The Caveman Convention
IT'S NOT AS IF ANTHROPOLOGISTS haven't had ample time to fathom the mysteries of the Neanderthals. A Neanderthal skull was discovered in a limestone grotto in Germany way back in 1856 -- the first fossil of an extinct human ancestor ever identified. Since then, researchers have deduced that Neanderthals lived from about 100,000 until 35,000 years ago, spreading from the Near East to central Asia and the Atlantic shores of Spain. Anatomically, they were nearly identical to today's Homo sapiens, except for their linebackerlike build, lack of a chin and brow ridges as prominent as eaves. Scientists also know that Neanderthals were not the brutes of myth. They buried their dead with care and looked after the sick and the lame. But there's lots more that anthropologists don't know, such as how Neanderthals interacted with the more modern humans, arrivistes known as Cro-Magnons, with whom they shared the Near East and Europe for millennia. Did they interbreed? Do battle? Flee one another?
At least part of the answer has now come from a complex of rock shelters and caves found in the 1950s near Auxerre, France. The stone and bone tools found there, as well as pierced or grooved animal teeth and ivory rings used as jewelry, resembled those of Cro-Magnons. But no one knew for sure who lived there, 34,000 years ago.
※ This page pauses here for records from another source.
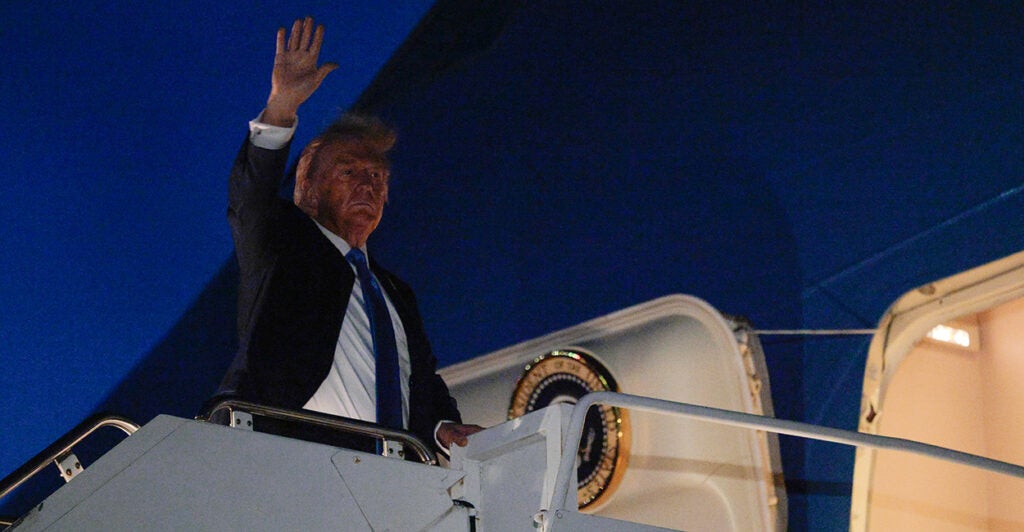 President Trump waves from the top of the stairs entering Air Force One before departing Canada late Monday night.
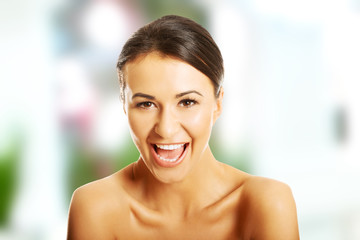 Portrait of nude woman laughing loud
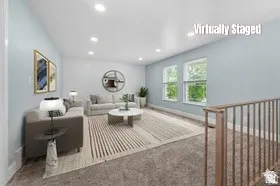 Spacious living area featuring light blue walls, recessed lighting, double windows, and light wood-finish railings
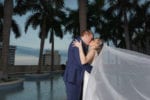 bride and groom kiss while her veil blows in the wind on the four seasons Miami wedding pool deck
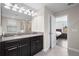 Spacious bathroom featuring double sinks, granite countertops, and tile flooring with an open doorway to the bedroom at 4264 Bexley Village Dr, Land O Lakes, FL 34638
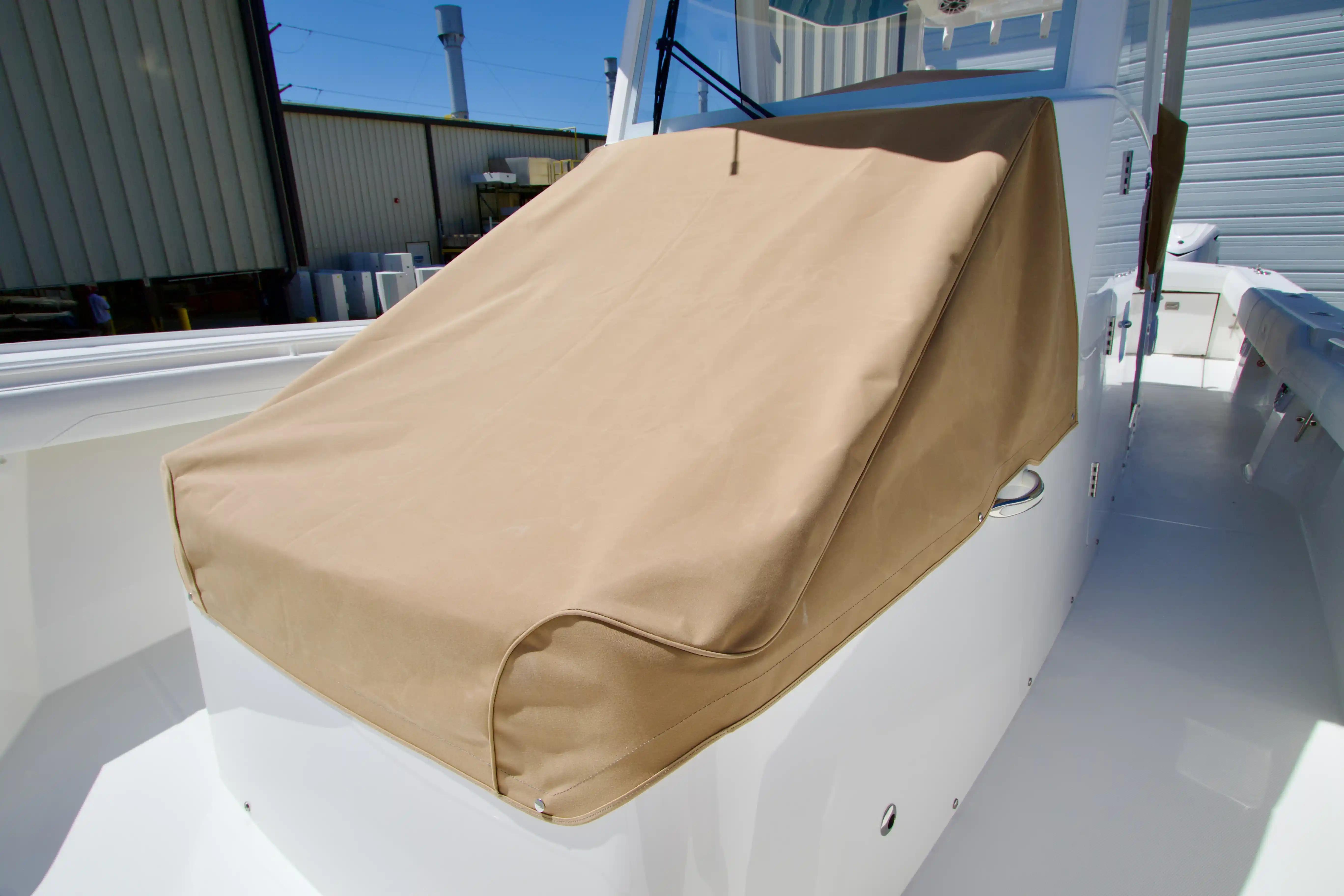2027 Regulator 35 boat with tan cover, docked outdoors.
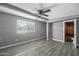 Bedroom with natural light, wood-look floors, and neutral walls at 2601 N 51St St, Phoenix, AZ 85008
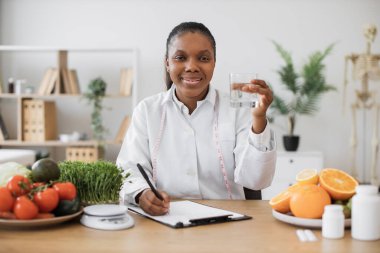Beyaz önlüklü, odaklanmış Afro-Amerikan kadın doktorların iş yerindeki camlarda sıvı temizliğini kontrol ediyor. Etkili beslenme uzmanı diyette metabolizmayı geliştirmek için içme suyu hakkında tavsiye veriyor..
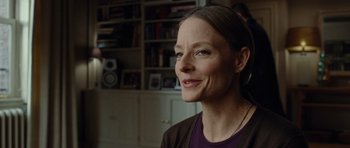 Movie still from “Carnage” (2011), directed by Roman Polanski – A person wearing a purple shirt; Close Up shot, Over the shoulder angle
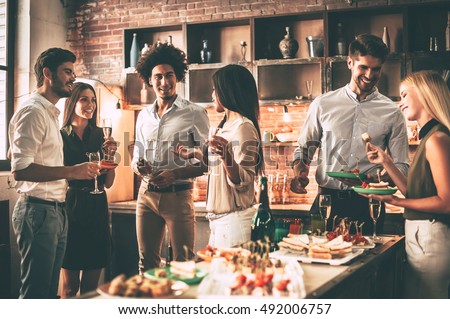 Party with best friends. Group of cheerful young people enjoying home party with snacks and drinks while communicating on the kitchen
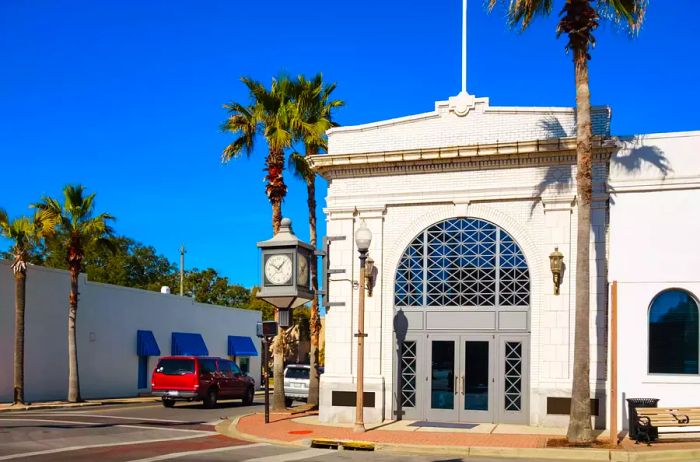 Image capturing a street scene featuring a small office building and a street clock in downtown Panama City, Florida, USA, under a clear blue sky.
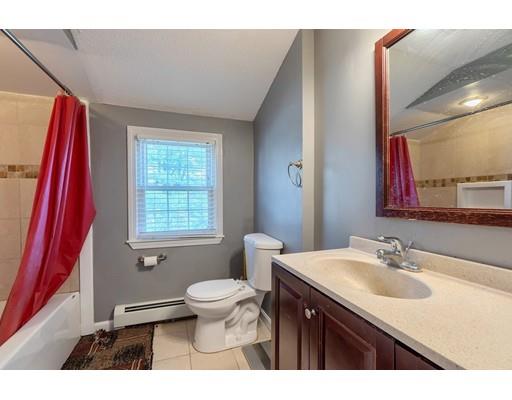 11 Partridge Road Dracut, MA 01826 - Photo 17 of 40 a bathroom with a sink and a mirror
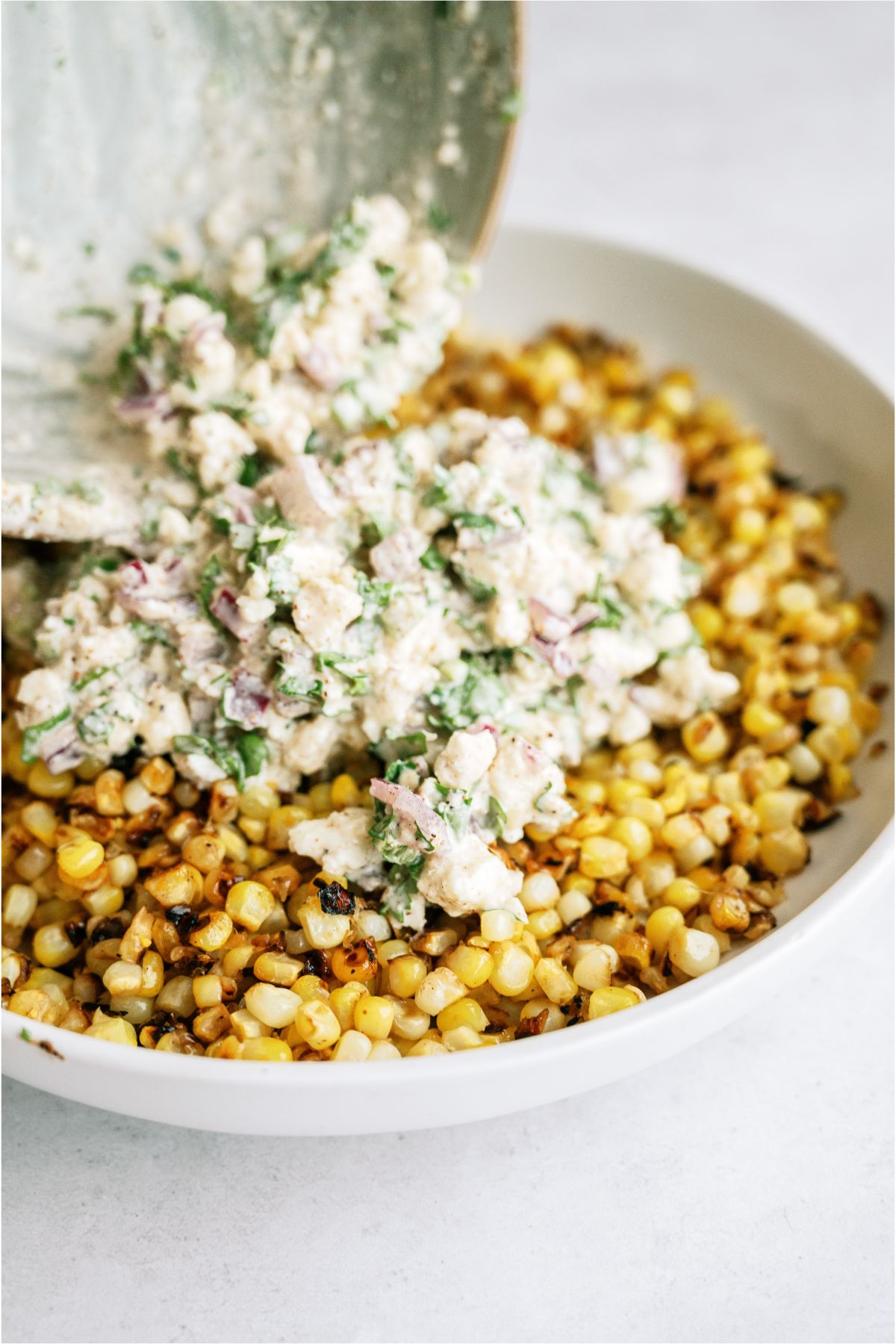 Pouring the cotija cheese mixture from the small bowl on top of the cooked corn in a large serving dish.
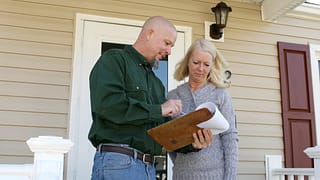 Woman on porch talking to man with clipboard .width .jpg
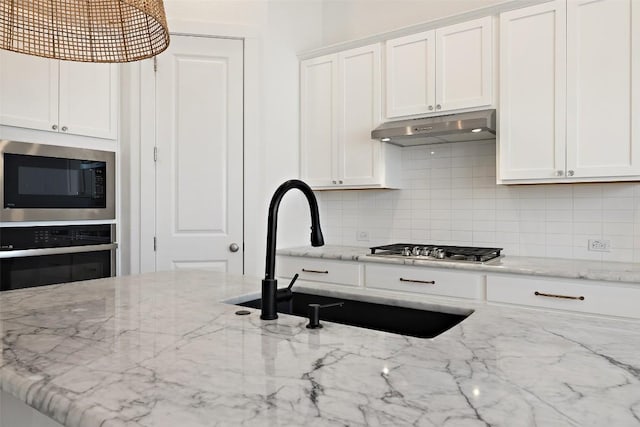 kitchen featuring white cabinetry, under cabinet range hood, decorative backsplash, a sink, and appliances with stainless steel finishes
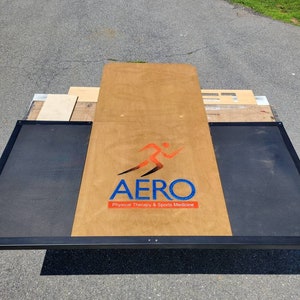 May include: AERO Physical Therapy & Sports Medicine logo on a wooden platform with black metal sides.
No one, that is, until anatomist Fred Spoor of University College, London, looked for a trait he had discovered was unique to Neanderthals: oddly shaped bones of the inner ear. "We CAT-scanned the specimens," says Spoor, coauthor of a paper describing the findings in the journal Nature this week, "and confirmed that the remains at Arcy-sur-Cure are absolutely Neanderthal."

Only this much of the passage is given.